Monday, May 26, 2014

Niles Canyon Railroading

Niles Canyon Railway; Fremont, Calif.; March 9, 2014
So far we have had a quartet of posts from the California trip in March. We visited the bridges of downtown Los Angeles, spent an evening watching trains at Commerce, visited Merle Haggard's boyhood home of a converted refrigerator car, and watched dusk turn to night on The Embarcadero. In this, our final installment on the trip, we visit Niles Canyon, located just east of Fremont.

On the day after Winterail, the Niles Canyon Railway hosted its annual photographers' trip. The stars of the show were Clover Valley Lumber 2-6-6-2T No. 4 and Western Pacific F7 No. 918-D (above). The steam locomotive (which powered a freight train) was built by the Baldwin Locomotive Works in March 1924. The F-unit was built by the Electro-Motive Division of General Motors in January 1950. While both locomotives are now working in Niles Canyon, they spent some (if not most) of their working lives further north in California in the Feather River Canyon.

The first set of photo runbys were held at Niles Junction right on the edge of Fremont. No. 4 made for a fine sight as it pulled its freight train.
Niles Canyon Railway; Fremont, Calif.; March 9, 2014
Moving further east into the canyon, No. 4 put out some smoke for the assembled photographers.

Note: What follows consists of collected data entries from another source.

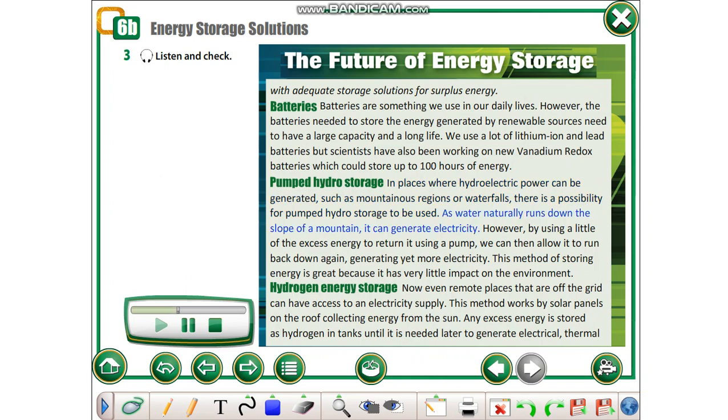However, by using a little of the excess energy to return the water using a pump, we can then allow it to run back down again, generating yet more electricity. This method of storing energy is great because it has very little impact on the environment.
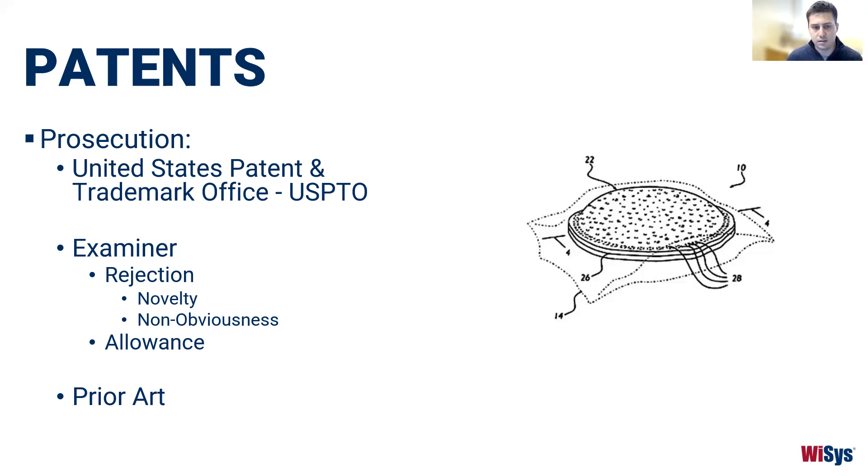I mentioned the concept of prior art, and we'll talk more about searching for it later. Generally, prior art refers to any evidence that your invention already exists — keep that in mind.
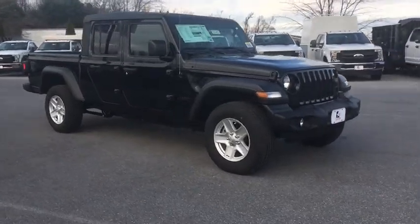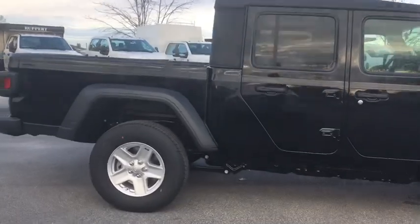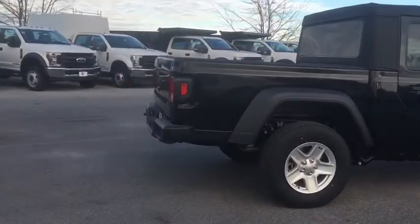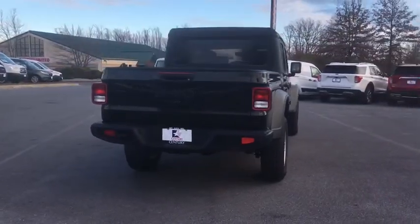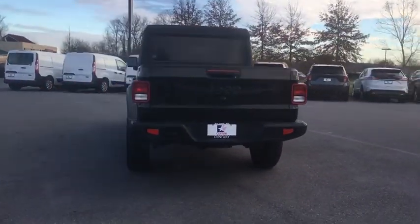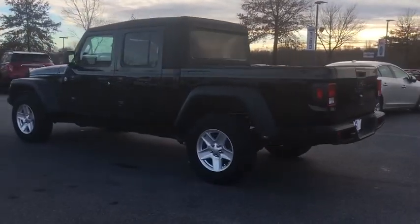We are pleased to show you the 2020 Jeep Gladiator. The Jeep Gladiator is just the off-road truck that Jeep fans have been waiting on. Enjoy the functionality of a truck while retaining the off-road capability. You'll fall in love with this Jeep Gladiator. Here are some of this vehicle's great options.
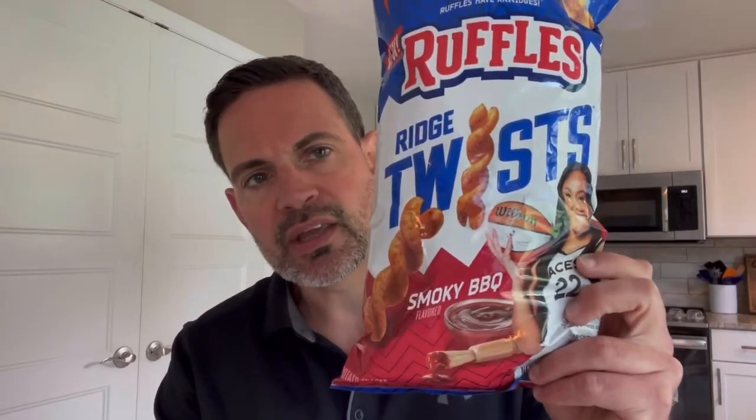So this is a fairly new product from Ruffles, came out about a month ago, so back in August. First time I'll be trying this one. I did pick this up at a Meijer grocery store for $5.59, and while I was there I also saw they had another flavor which was I think cheddar cheese, so I decided to go with the Smoky BBQ for this one. I will put the nutritional information up at the end of the video. This is a five and a half ounce bag of Ridge Twists.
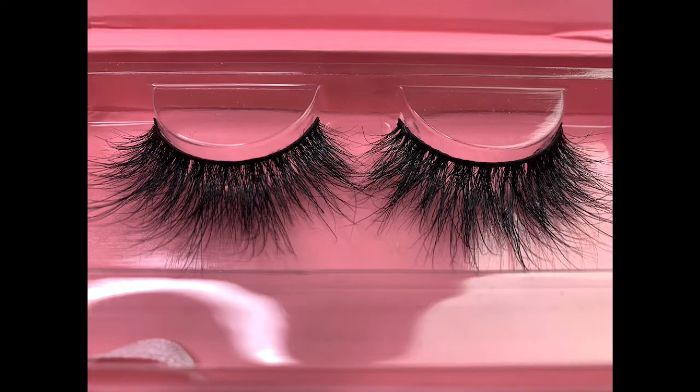These are mink lashes, they're very soft. I'm going to actually try on one style later on so that way you can see what they look like.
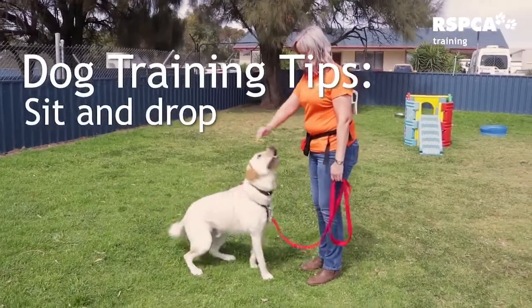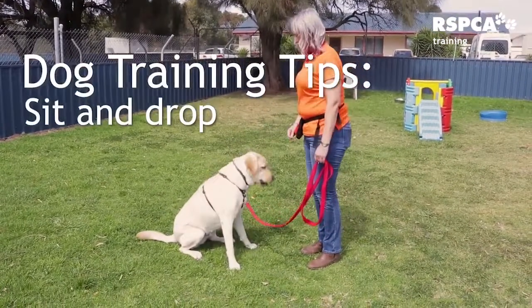Many dogs will sit as default. As they can't look up to the sky, when they go to look up at us they will often sit or jump up, which obviously we don't really want. So sit is a really preferred option. Sit also is a great doggy way of saying please.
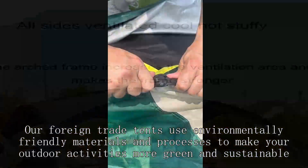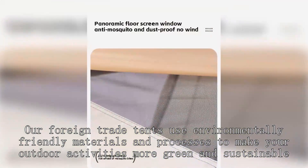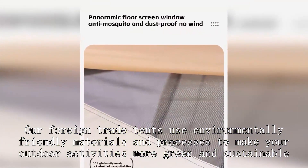Our tents use environmentally friendly materials and processes to make your outdoor activities more green and sustainable.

Not to be outdone, No. 918-D also put a wisp of diesel exhaust into the air.
Niles Canyon Railway; Fremont, Calif.; March 9, 2014
Niles Canyon Railway; March 9, 2014
One more set of runbys was held as the two trains made their way back to the starting point of the trip -- the station in Sunol. The trackage used by the trains is former Southern Pacific. The former Western Pacific (now used by Union Pacific) also shares the canyon (we'll get to that in a minute). No. 918's orange nose along with the green foliage gave a very Feather-River-Canyon-ish look to the scene.
Niles Canyon Railway; Fremont, Calif.; March 9, 2014
Niles Canyon Railway; Fremont, Calif.; March 9, 2014
Back at Sunol, conductor Mike Roque posed for photos with the two trains. Mike coordinated the runbys under sometimes tough conditions (the riders ranged from casual photographers who wandered everywhere to serious photographers who wanted people-free shots). Mike somehow herded the cats to give everyone who wanted a quality photo the results they were seeking.
Mike Roque; Niles Canyon Railway; Sunol, Calif.; March 9, 2014
At the Niles Canyon Railway shop at Brightside (just west of Sunol) a quick peek inside revealed the restoration work on Southern Pacific No. 9010. This unit is a unique diesel-hydraulic machine imported from Germany. Only SP and the Denver & Rio Grande Western purchased them, and No. 9010 is the sole survivor. It is being returned to operating condition by the NCRy forces.
Niles Canyon Railway; Brightside, Calif.; March 9, 2014
Word had come down that Union Pacific was sending a freight over the former Western Pacific through Niles Canyon. With the activities at the Niles Canyon Railway complete, I headed into Fremont to the extreme west end of Niles Canyon and shot the train there.
Union Pacific; Fremont, Calif.; March 9, 2014
There was one more shot to get in the area, as Amtrak California sends several trains through each day. I headed to the bank of Alameda Creek and got a train approaching the site of where Niles Tower once stood. The rear of the Amtrak train is actually only a couple hundred yards away from where the top photo in this blog entry was taken.
Amtrak; Fremont, Calif.; March 9, 2014
Once I was done here I headed into San Francisco for the previously-posted evening on The Embarcadero. You can see all the photos from this day here.

Friday, May 23, 2014

An Evening On The Embarcadero

MUNI; The Embarcadero, San Francisco, California; March 9, 2014
Probably my favorite street in the United States -- at least for photography -- is The Embarcadero in San Francisco. MUNI's historic F-Line operates over much of The Embarcadero from the Ferry Building at Market Street down to Fisherman's Wharf. On March 9, 2014, inspired by the MUNI photography of Christian Goepel, I spent an evening watching the changing light as darkness settled in along the bay. First up was MUNI PCC No. 1052, painted in the colors of the Los Angeles Railway (all the MUNI historic streetcars are painted in various schemes of streetcar routes from across the North America). It's headlight reflected off the roadway as darkness moved in (above).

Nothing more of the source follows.